In various examples, the data analytics system 124 can analyze the stored raw telemetry data 133 at periodic intervals (e.g., hourly, daily, weekly, etc.) and generate time-series data 136 that can be used for monitoring and analysis by IT administrators and the event alert system 127. For example, an aggregation service of the data analytics system 124 can run periodically and compute time-series data 136 for a given event for an organization. The time-series data 136 may include, for example, time-series values associated with the number of system crashes in the last hour, the average or median time to boot devices in the last hour, the average or median time to shutdown devices in the last hour, the average or median CPU utilization of all active devices in the last hour, the number of application crashes for each active application in the last hour, the number of application hangs for each active application in the last hour, the number of application foreground events for each active application in the last hour, an average or median logon duration for virtual desktop sessions, a number of failed application installations, a number of failed SSO logins, and/or other measurable event values.


In some examples, the aggregation service of the data analytics system 124 may compute time-series data 136 based at least in part on one or more attributes 139. The attributes 139 can comprise an organization identifier (ID), a device platform, an application ID, the event type (e.g., application crash, application hang, etc.), a geographic location, a store ID, and/or other type of attribute associated with the device and/or event.
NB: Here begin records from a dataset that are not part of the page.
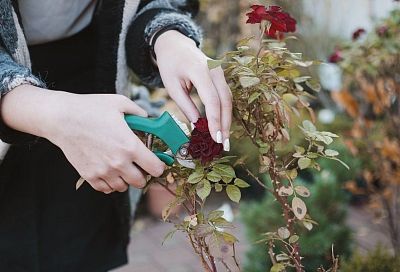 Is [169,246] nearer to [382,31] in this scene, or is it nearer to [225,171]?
[382,31]

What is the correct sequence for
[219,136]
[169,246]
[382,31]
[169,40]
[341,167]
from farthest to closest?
[169,246], [341,167], [382,31], [169,40], [219,136]

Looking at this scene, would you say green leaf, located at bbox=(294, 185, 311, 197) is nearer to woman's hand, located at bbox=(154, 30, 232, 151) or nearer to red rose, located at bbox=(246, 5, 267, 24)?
woman's hand, located at bbox=(154, 30, 232, 151)

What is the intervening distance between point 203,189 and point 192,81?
21 cm

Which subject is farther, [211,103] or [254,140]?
[254,140]

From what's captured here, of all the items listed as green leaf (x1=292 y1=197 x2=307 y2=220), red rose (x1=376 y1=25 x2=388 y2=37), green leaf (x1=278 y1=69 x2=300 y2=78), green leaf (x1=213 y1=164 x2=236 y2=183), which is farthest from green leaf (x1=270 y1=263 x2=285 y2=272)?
red rose (x1=376 y1=25 x2=388 y2=37)

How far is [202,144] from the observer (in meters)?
1.07

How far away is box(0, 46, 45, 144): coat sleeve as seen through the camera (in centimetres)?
105

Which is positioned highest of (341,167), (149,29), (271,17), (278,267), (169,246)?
(271,17)

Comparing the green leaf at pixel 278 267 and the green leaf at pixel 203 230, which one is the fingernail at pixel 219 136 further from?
the green leaf at pixel 278 267

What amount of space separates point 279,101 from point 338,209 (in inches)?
77.1

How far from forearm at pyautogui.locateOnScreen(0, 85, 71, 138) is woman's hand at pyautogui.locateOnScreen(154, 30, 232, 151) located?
0.24 meters

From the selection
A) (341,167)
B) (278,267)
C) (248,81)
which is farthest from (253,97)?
(341,167)

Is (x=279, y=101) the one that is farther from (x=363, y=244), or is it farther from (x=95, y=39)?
(x=363, y=244)

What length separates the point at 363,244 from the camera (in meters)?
3.70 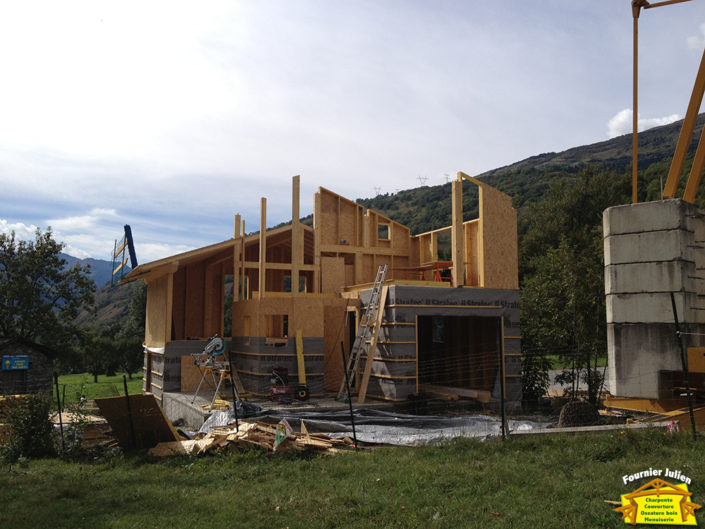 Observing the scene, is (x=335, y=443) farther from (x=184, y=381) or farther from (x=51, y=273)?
(x=51, y=273)

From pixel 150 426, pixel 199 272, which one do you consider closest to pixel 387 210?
pixel 199 272

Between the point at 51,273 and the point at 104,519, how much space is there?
3402 centimetres

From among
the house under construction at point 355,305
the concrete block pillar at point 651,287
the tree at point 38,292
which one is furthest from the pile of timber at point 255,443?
the tree at point 38,292

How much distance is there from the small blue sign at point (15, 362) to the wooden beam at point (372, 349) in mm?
16874

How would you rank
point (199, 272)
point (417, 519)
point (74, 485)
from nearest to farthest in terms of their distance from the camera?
point (417, 519)
point (74, 485)
point (199, 272)

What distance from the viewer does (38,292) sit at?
120 ft

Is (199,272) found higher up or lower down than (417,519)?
higher up

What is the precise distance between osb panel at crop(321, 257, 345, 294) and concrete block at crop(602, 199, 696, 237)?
11227 millimetres

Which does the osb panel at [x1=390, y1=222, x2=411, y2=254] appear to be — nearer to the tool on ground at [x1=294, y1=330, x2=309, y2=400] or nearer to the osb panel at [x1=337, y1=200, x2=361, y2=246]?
the osb panel at [x1=337, y1=200, x2=361, y2=246]

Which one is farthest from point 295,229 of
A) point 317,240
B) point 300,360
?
point 300,360

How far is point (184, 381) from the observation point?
2088 centimetres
In various examples, each unique combination of attributes 139 can define a unique time-series for a given time-series data 136. In various examples, data analytics system 124 can store the time-series data 136 and/or other relevant data in the data store 130.


In various examples, the data analytics system 124 can generate a user interface 142 that includes a summary of the time-series data 136 that is stored in the data store 130. In some examples, the data analytics system 124 can render the user interface 142 via the administrator console 121. In other examples, the data analytics system 124 can transmit the user interface 142 and/or user interface data used to generate the user interface 142 to an administrator client device 112 for rendering to allow an IT administrator the ability to review the various time-series data.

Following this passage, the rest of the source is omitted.